Week 7: The School of Hard Knocks

Sometimes you just have to learn things the hard way.

On Monday at 2:37pm I started to run my spiffy Make-a-Network code on the big table of all the datasets currently stored in the DataONE archives. In general, this code takes as input a table of unique dataset-person pairs, where the “person” could be anybody – a creator, a contributor, or a user who downloads a dataset. The Big Table of all the DataONE datasets contains 1,295,315 rows of unique dataset-person combinations. …and already in the ether I hear the gnashing of teeth, as those familiar with R and big data worry tremendously about how this will turn out. I was young. I was naive.

My spiffy Make-a-Network code turns a table of unique dataset-person pairs into an edge list by identifying all the unique persons in the table, then connecting pairwise all the datasets associated with that unique person. This means that for any given person, if n datasets are associated with that person, then my code creates n choose 2 dataset pairs, also known as edges.

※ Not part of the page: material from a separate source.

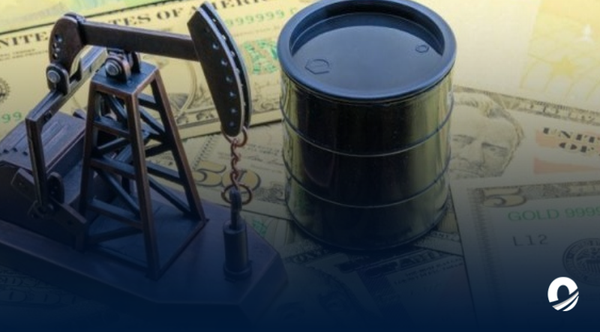 Producción petrolera ascendió un 0,6% en julio, afirmó Opep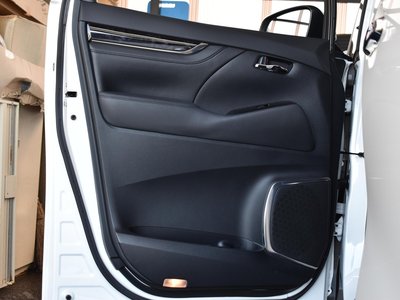 2023 Toyota ALPHARD 照片 52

n choose k is the number of unordered k-tuples that can be made without replacement from a given set of n objects. 52 choose 5 is the total number of 5-card poker hands that can be made from a standard deck of cards. If k = 2, then n choose k is the number of pairs that can be made from a set of n objects. And for those of you not into combinatorics, the “choose” function in math makes numbers grow really fast. I’ll spare you the mathematical details (you can find them in the Wikipedia entry), but here are some examples:

  • 5 choose 2 is 10
  • 10 choose 2 is 45
  • 36 choose 2 is 630 (36 is the mean number of datasets associated with a single person in the Big Table.)
  • 50 choose 2 is 1225
  • 100 choose 2 is 4950
  • 39,268 choose 2 is 770,968,278 (39,268 is the max number of datasets associated with a single person in the Big Table.)

The point? An edge list from a table with 1.2 million rows is going to be much, much larger than the 1.2 million rows from the original table. How much larger depends on the exact distribution of the number of datasets associated with each person. We can calculate exactly how large the final edge list for the Big Table is going to be using a frequency table and the choose function in R. We create a frequency table that counts how many times a person appears; this is the number of datasets associated with that person. We then run down that vector of frequencies with the choose function, sum them all up, and that’s the size of the final edge list.

So I calculated the size of the final edge list for the Big Table. The answer: 4,079,564,237 That is, the number of edges in our final network will be four billion, seventy-nine million, five hundred thousand and change. …and now I hear maniacal laughter in the ether because those of you familiar with R and big data know how this is going to turn out.


I didn’t know this, but apparently it’s common wisdom that R can only handle dataframes with about a million rows, max. So my original table of 1.2 million rows was already pushing poor little R’s capacity to handle information. Making an edge list three orders of magnitude larger? Not so much.

On Tuesday, 24 hours after I started the process remotely on one of DataONE’s big number-crunching machines, I thought that the code was just taking a long time to run. Wednesday – same thing. On Thursday the internet at my house went out and stayed out until Friday late morning. I was terrified that the internet hiccup had halted the process, and when I got back in on Friday afternoon my fears seemed to be confirmed – the process was no longer running and no gigantic edge-list object was happily swimming in my R environment. Bryce explained the situation to me gently and with compassion. The internet wasn’t the problem. I had simply broken R’s little brain.

So now I’m learning all about how to work with big data in R. This is a whole new set of skills, involving such arcane concepts as resilient distributed datasets, parallelized collections, and shuffle operations. Fortunately for me, there’s a package for that: sparklyr. It interfaces with dplyr. And so it seems that I’m finally going to have to break down and start using the pipe operator. Five years of programming in R, stubbornly resisting the siren song of the %>%. But now, big data, and I’m going to have to put away my childish attachment to base R functions and enter into developer adulthood.

Dear Hadley, fellow dissatisfied scion of the ISU Statistics Department, I hope you’re happy. Because as much as I cringe at your grandiliquence, I love my networks more.